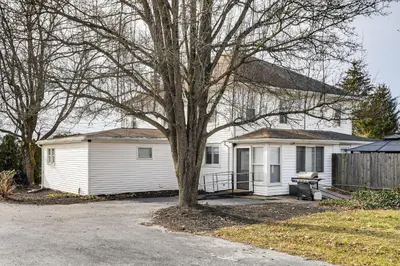 a white house with a tree in a driveway at Family-Friendly Home, 5 Mi to Roundtop Mtn Resort! in Dillsburg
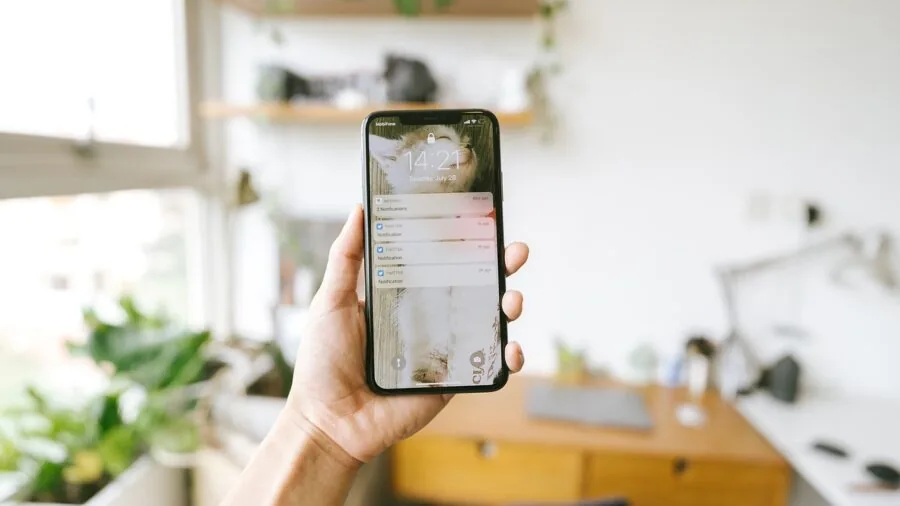 The %product_count% Best Budget Phones 6 Person holding smartphone while checking software updates and notifications on screen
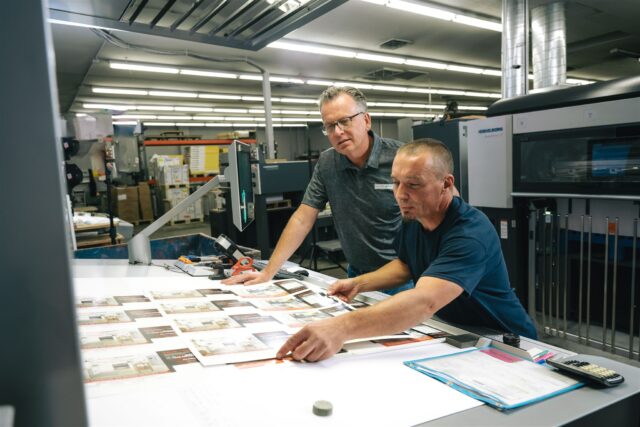 Two Morel team members do final presssheet review on a printed piece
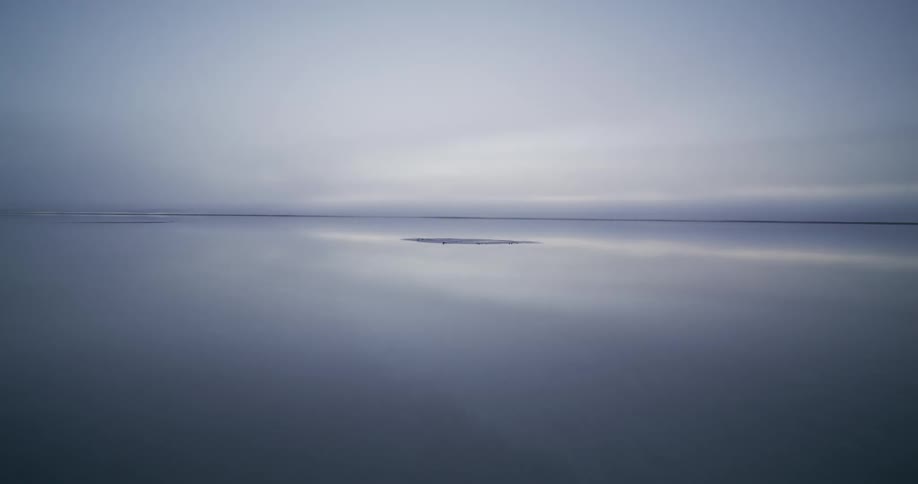 An ethereal aerial shot glides low over a vast, mirror-like body of water, where the still surface perfectly reflects the serene, overcast sky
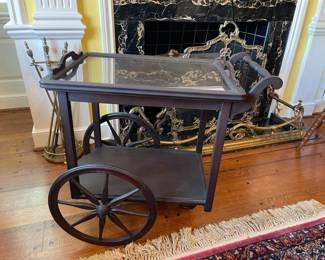 Mahogany tea cart with removable glass tray and one shelf. 18" x 24" x 27"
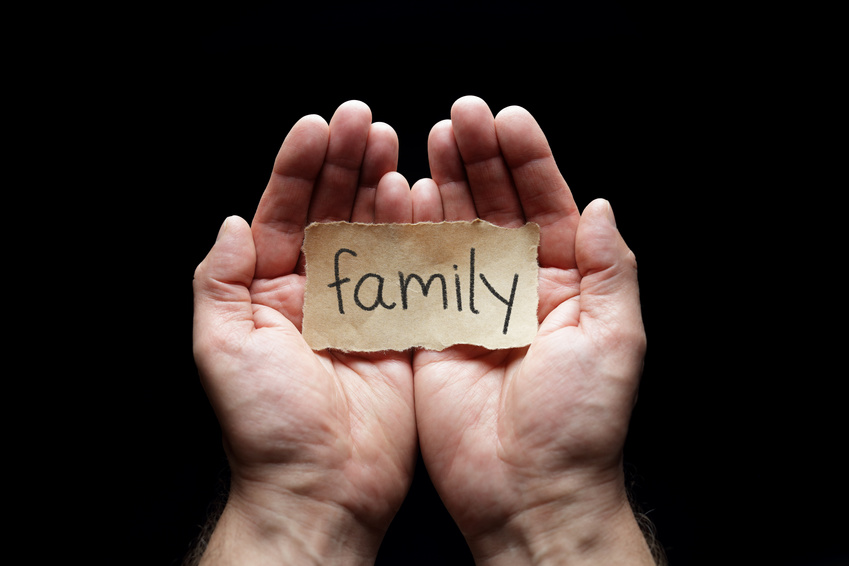 Family with the protection of cupped hands, concept for love, health, security and care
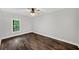 A bedroom with a window, ceiling fan, and beautiful wood floors at 210 Joe Green Ln, Canton, GA 30114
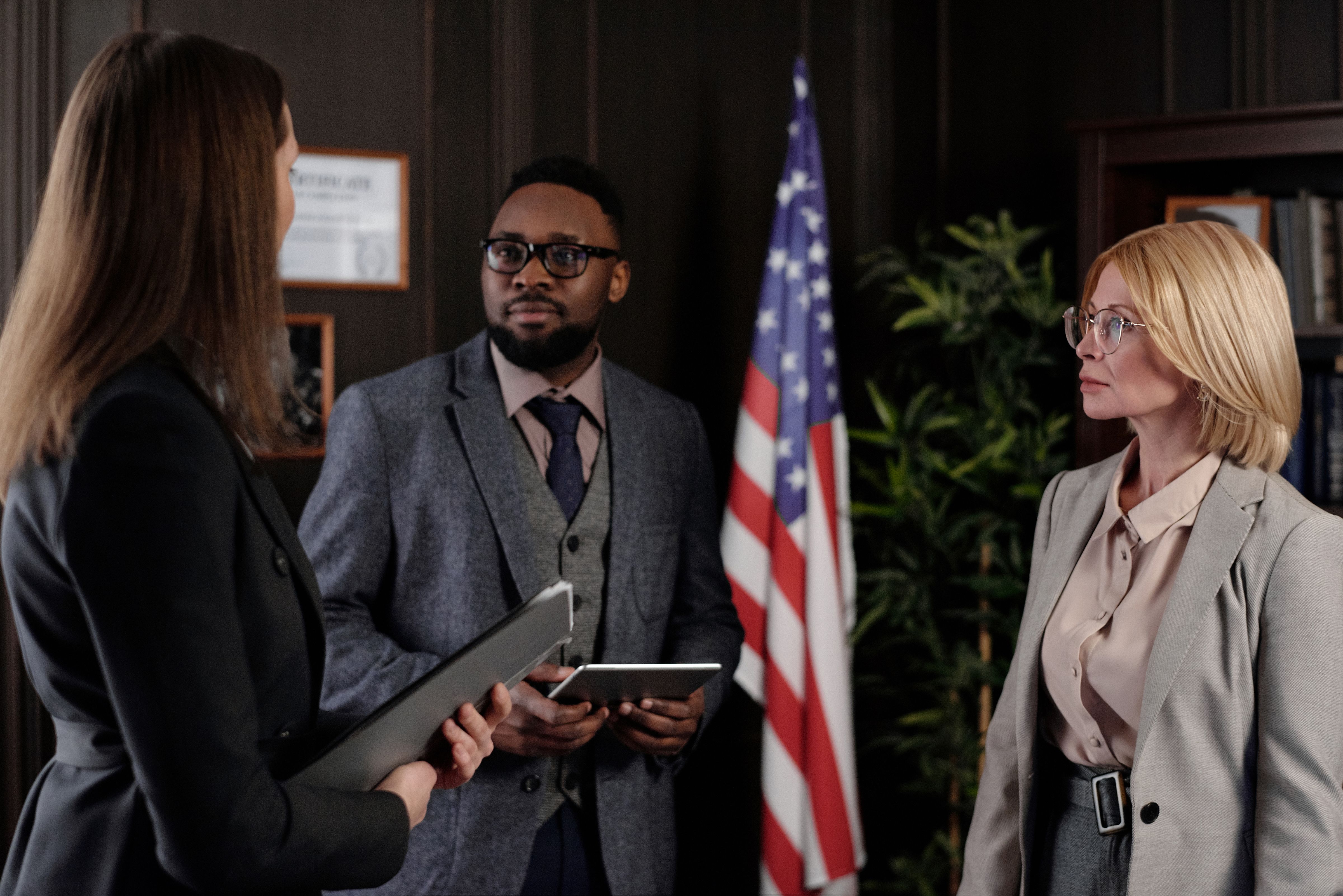 Attorney and client reviewing an immigration matter in a professional office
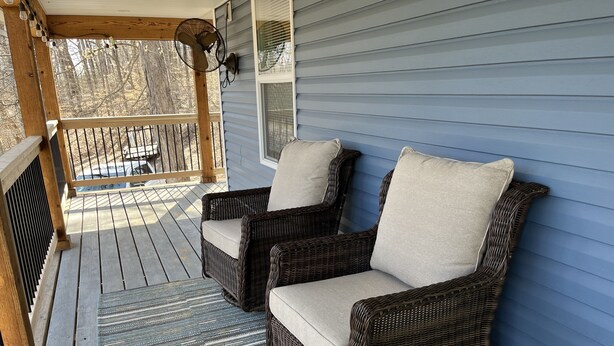 A porch with two wicker chairs, a wooden railing, and a patterned rug. - Lake Daze, Blue Cottage <1mile to Jamestown Marina with space to trailer boat. (Jamestown)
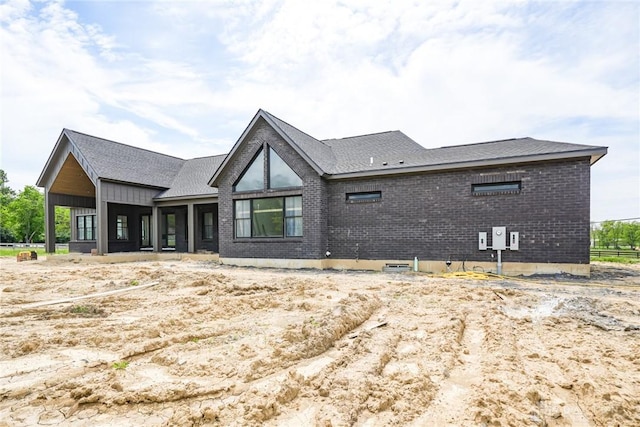 4870 Bunnell Hill Rd, Lebanon, OH 45036 - rear view of property featuring brick siding and a shingled roof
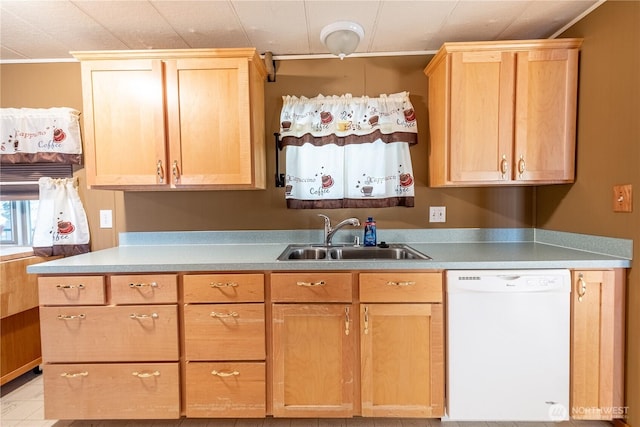 kitchen featuring a sink, light countertops, dishwasher, and light brown cabinetry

------------------------------------------------------------------------

**Action item**
Please reproduce, word for word, every line from the first line of the records above through the line containing "Mahogany tea cart", and leave out the pictures.

**Task output**
 a white house with a tree in a driveway at Family-Friendly Home, 5 Mi to Roundtop Mtn Resort! in Dillsburg
 The %product_count% Best Budget Phones 6 Person holding smartphone while checking software updates and notifications on screen
 Two Morel team members do final presssheet review on a printed piece
 An ethereal aerial shot glides low over a vast, mirror-like body of water, where the still surface perfectly reflects the serene, overcast sky
 Mahogany tea cart with removable glass tray and one shelf. 18" x 24" x 27"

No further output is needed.